You're wasting money. It's typically acceptable to go Dutch or take turns to pick dinner tabs when you're friends, but the minute you're in an FWB relationship, things change. Technically you're not dating, so should you be footing the bills for her maintenance?

"Chivalry's still not dead, so women would still expect you to pay most of the time, but stop to consider if you're paying for everything!" says Dr Samir Parikh, HOD, mental health and behavioural sciences, Max Healthcare, New Delhi. Hint: When she expects you to fuel her car up every time or get her salon bills.

You can't stay alone
. "If you end up sleeping with the same friend between relationships, you're weakening yourself mentally," quips Dr Nawal. You don't have the propensity to survive on your own. "If she's still waiting for you, then she's clearly more emotionally involved, which is not something you want to face," he says. Nobody wants a whining Siamese twin in an emotionally detached relationship, after all. It'll kill the chemistry and show you as a desperate wannabe who's using her.

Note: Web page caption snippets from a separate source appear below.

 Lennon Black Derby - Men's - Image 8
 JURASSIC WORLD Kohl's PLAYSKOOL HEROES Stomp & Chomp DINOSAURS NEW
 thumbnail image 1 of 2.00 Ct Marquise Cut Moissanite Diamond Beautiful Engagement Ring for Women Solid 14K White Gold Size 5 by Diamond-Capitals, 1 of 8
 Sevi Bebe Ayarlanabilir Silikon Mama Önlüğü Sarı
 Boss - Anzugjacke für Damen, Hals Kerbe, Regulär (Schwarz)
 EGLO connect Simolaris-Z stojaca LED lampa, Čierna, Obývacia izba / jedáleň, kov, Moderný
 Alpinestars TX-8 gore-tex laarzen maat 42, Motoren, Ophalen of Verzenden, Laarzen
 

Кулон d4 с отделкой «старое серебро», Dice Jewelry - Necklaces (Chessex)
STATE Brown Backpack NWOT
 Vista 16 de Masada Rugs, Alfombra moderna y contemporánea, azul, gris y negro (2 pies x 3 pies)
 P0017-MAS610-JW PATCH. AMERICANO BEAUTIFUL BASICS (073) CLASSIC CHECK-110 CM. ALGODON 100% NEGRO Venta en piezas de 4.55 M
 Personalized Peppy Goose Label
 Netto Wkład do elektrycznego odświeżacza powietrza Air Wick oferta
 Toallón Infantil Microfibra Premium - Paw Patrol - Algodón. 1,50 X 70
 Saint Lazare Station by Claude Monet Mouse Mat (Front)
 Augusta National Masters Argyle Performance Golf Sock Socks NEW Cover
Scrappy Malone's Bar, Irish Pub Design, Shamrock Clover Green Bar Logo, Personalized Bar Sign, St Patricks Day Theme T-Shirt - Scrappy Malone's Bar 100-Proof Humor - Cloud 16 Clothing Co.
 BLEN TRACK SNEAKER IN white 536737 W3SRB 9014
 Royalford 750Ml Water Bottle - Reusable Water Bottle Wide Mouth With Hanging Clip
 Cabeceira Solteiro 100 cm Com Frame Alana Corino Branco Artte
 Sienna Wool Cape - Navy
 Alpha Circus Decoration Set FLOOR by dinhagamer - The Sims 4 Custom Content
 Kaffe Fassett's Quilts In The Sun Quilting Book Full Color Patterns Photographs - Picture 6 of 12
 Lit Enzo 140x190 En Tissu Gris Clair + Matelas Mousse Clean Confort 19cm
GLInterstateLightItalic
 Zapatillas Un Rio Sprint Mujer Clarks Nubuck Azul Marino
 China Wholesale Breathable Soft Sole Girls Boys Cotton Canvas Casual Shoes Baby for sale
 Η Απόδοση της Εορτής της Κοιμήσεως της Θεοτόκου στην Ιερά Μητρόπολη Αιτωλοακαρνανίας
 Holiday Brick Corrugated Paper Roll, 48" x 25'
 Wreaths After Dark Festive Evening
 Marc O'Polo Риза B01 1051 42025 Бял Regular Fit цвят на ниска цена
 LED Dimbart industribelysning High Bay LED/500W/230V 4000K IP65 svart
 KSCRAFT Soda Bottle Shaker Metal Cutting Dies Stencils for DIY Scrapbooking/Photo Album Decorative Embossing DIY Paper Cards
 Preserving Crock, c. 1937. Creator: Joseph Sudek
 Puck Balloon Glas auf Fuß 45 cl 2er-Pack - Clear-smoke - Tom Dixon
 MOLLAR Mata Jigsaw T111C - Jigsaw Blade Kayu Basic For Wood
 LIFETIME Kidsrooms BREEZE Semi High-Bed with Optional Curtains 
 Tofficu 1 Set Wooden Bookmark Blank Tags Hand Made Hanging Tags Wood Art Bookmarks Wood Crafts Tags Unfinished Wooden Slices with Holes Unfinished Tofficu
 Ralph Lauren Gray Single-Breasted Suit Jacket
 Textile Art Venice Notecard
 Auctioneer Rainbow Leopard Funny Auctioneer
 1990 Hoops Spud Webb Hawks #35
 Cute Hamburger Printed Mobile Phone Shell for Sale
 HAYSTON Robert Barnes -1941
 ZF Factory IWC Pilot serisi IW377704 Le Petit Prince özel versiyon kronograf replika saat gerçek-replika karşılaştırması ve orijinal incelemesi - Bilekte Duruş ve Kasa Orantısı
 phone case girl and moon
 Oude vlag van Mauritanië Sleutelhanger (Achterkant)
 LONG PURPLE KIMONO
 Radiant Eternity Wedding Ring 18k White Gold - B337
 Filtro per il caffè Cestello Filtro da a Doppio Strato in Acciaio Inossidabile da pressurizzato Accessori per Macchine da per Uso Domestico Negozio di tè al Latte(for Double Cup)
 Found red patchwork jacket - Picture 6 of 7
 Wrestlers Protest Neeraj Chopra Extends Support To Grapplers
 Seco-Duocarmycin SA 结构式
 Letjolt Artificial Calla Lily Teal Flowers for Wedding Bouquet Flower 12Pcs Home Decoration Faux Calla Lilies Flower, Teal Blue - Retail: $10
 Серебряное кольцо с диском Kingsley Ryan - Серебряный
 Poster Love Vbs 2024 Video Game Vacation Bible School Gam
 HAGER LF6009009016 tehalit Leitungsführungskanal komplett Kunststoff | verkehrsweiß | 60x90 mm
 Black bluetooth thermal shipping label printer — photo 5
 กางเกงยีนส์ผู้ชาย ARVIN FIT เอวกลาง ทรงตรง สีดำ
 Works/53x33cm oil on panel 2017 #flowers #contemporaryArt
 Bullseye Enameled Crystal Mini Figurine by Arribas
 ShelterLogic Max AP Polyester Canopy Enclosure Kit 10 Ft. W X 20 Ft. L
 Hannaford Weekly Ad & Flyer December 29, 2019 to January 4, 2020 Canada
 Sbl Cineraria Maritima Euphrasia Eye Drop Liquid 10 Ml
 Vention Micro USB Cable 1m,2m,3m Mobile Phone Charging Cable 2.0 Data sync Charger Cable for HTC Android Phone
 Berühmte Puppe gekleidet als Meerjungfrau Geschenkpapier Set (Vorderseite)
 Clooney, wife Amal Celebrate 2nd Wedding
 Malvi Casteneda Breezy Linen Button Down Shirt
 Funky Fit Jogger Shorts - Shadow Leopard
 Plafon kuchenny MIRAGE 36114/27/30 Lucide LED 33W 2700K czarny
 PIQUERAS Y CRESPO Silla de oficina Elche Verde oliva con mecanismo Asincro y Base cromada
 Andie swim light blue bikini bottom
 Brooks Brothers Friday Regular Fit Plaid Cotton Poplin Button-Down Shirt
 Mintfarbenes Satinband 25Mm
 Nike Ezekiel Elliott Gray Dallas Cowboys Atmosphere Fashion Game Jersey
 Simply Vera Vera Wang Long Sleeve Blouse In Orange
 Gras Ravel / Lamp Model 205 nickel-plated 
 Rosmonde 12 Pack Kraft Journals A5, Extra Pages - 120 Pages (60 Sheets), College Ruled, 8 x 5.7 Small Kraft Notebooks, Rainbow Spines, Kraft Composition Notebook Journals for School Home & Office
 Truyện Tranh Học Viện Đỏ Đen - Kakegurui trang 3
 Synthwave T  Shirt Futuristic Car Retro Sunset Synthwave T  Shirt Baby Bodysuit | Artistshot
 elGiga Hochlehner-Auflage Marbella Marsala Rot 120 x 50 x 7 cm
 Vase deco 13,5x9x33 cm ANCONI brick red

You're missing out. It's like being caught in limbo-both of you are elevated above the position of friends, yet you haven't gained the priority of that 'special someone'. "It's harder for Indian men and women to talk, meet and date strangers-our society just doesn't function as fast as the West," says Dr Nawal.

So when you've already found someone, you're cutting into your already limited chances of running into the perfect woman. And when either of you do, the other person loses a bit of that pedestal he or she's been placed on, making them resentful. "Everybody likes a fair amount of attention," says Dr Parikh. "When it's taken away or given to someone else, questions are bound to pop up and invariably you end up being the guilty party."

You have too many FWBs. You've leapt over the 'Friend' and are now on the fl ing side of the nonrelationship radar. "Occasionally it's is not a bad thing," says Dr Nawal. "But that depends on the mindset with which you get into flings with-after some time, sex isn't satiating because it is completely devoid of any emotion: You end up questioning yourself if you'll ever be able to commit to one single woman again."

Akshay Mittal, 24, has been having flings with several female friends for the past seven years. "I was in a relationship with a woman for three years and after we broke up, I didn't think I'd ever have the capacity to commit to anyone. I thought I was getting into the best deal, but now I feel hollow."

So, when should you call it quits?
When the dreaded question arises, "So, where are we?" And if you think, this doesn't happen in an FWB relationship, you're misinformed. "It'll either manifest itself in your head or be brought up by her eventually," says Bhalla. In a US study, more than half the respondents involved in FWB relationships indicated they were consistently asking themselves what kind of a relationship they were in, such as how to make sense of it.

Yet, 84 per cent of them didn't initiate any discussion because they felt awkward talking about it, or feared losing a friend, 73 per cent didn't talk about ground rules and only nine per cent could muster up the courage to bring up the topic as jokes.

"The topic can be mentally draining, especially when asked by the other party," says Dr Nawal. But if her questions aren't bothering you or messing with your erection: Congratulations pal. You're both well on your way into a relationship.